== Segment start ==
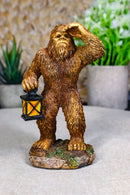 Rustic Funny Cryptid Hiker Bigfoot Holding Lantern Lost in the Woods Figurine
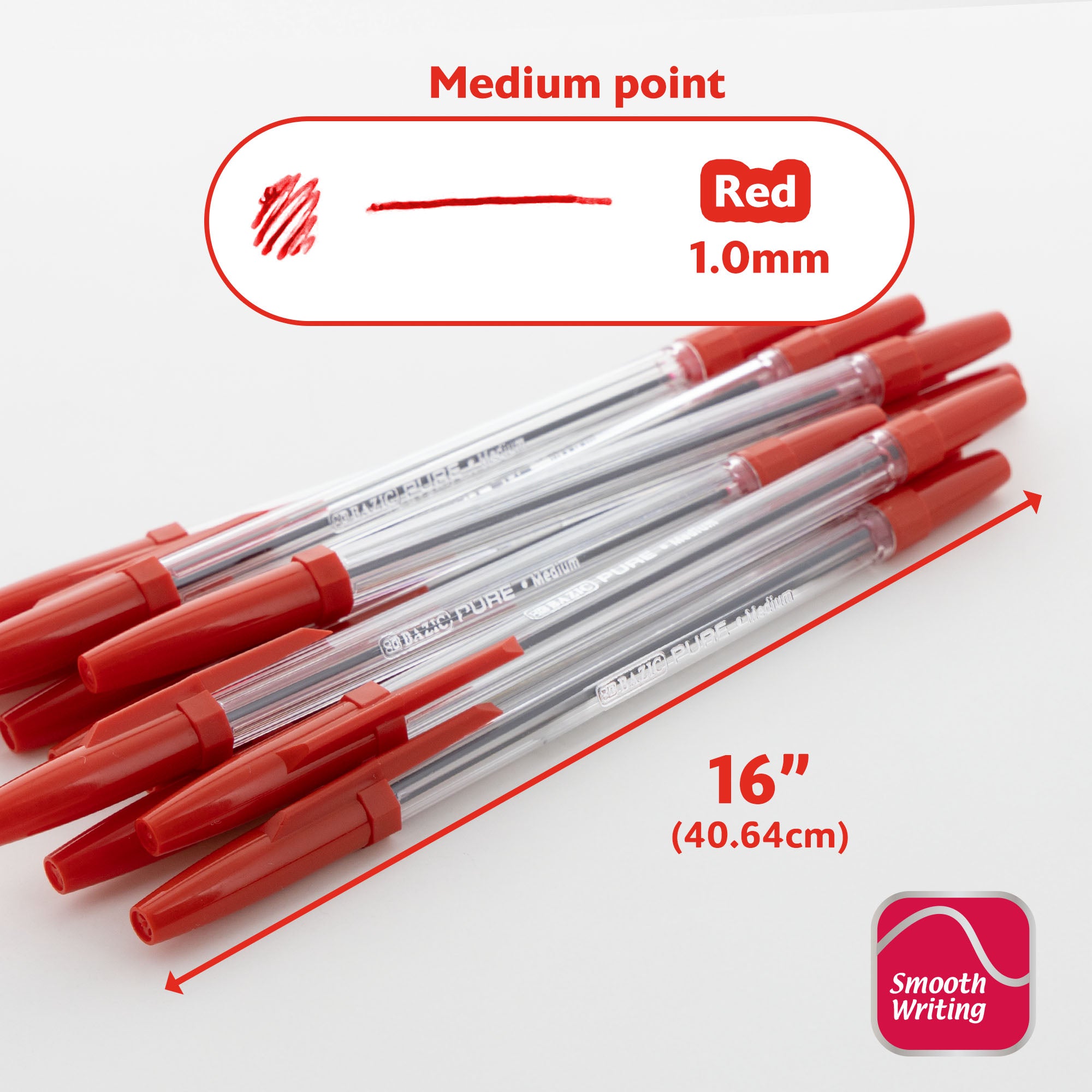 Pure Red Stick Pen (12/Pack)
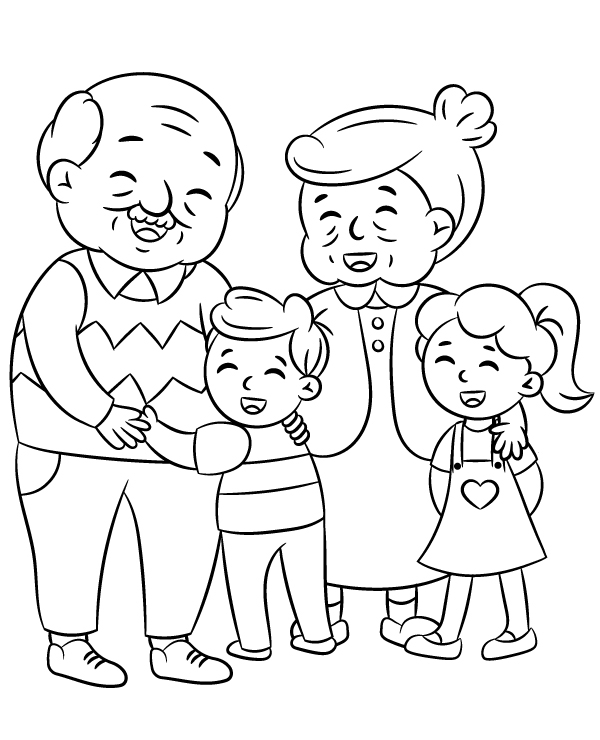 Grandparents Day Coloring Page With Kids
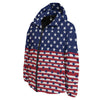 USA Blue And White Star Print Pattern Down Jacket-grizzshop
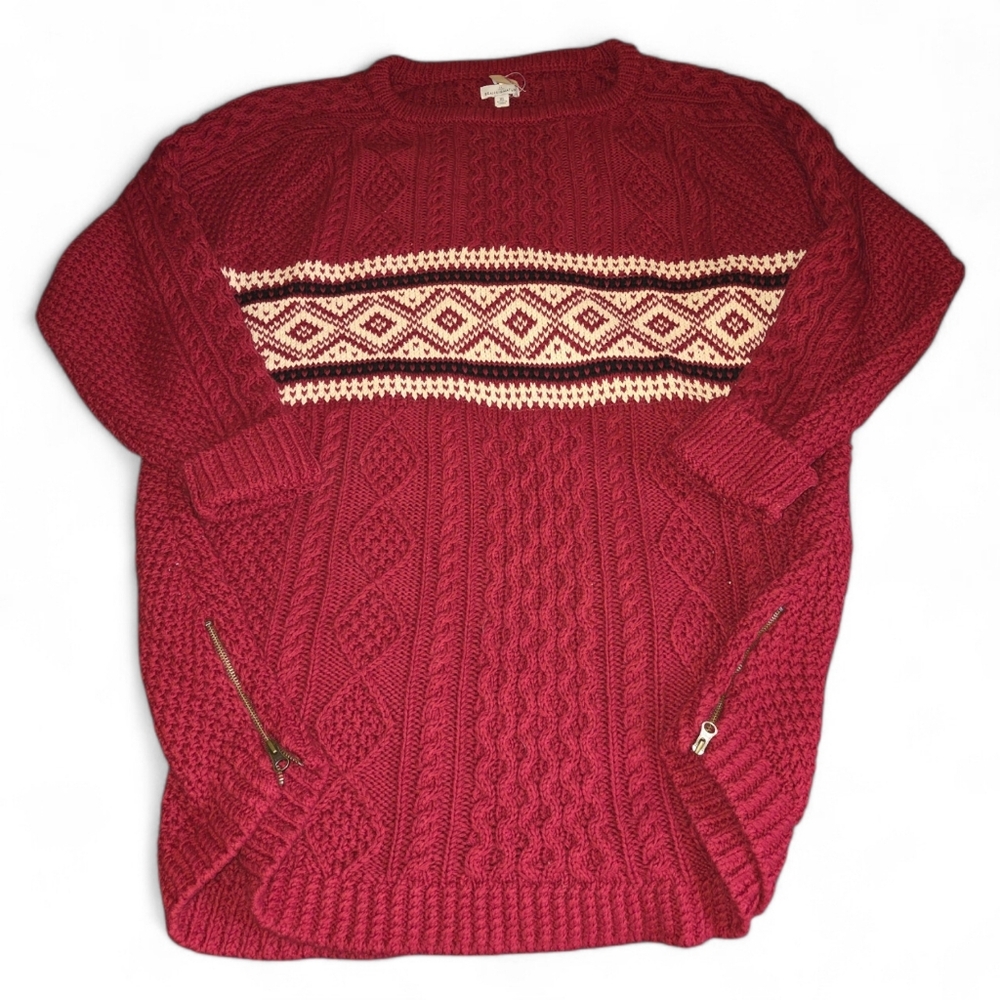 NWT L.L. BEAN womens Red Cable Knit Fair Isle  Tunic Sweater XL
== Segment end ==
Aim of the exercise: Nothing but the pictures should be left out when the records are retyped exactly.

Final answer:
 Rustic Funny Cryptid Hiker Bigfoot Holding Lantern Lost in the Woods Figurine
 Pure Red Stick Pen (12/Pack)
 Grandparents Day Coloring Page With Kids
 USA Blue And White Star Print Pattern Down Jacket-grizzshop
 NWT L.L. BEAN womens Red Cable Knit Fair Isle  Tunic Sweater XL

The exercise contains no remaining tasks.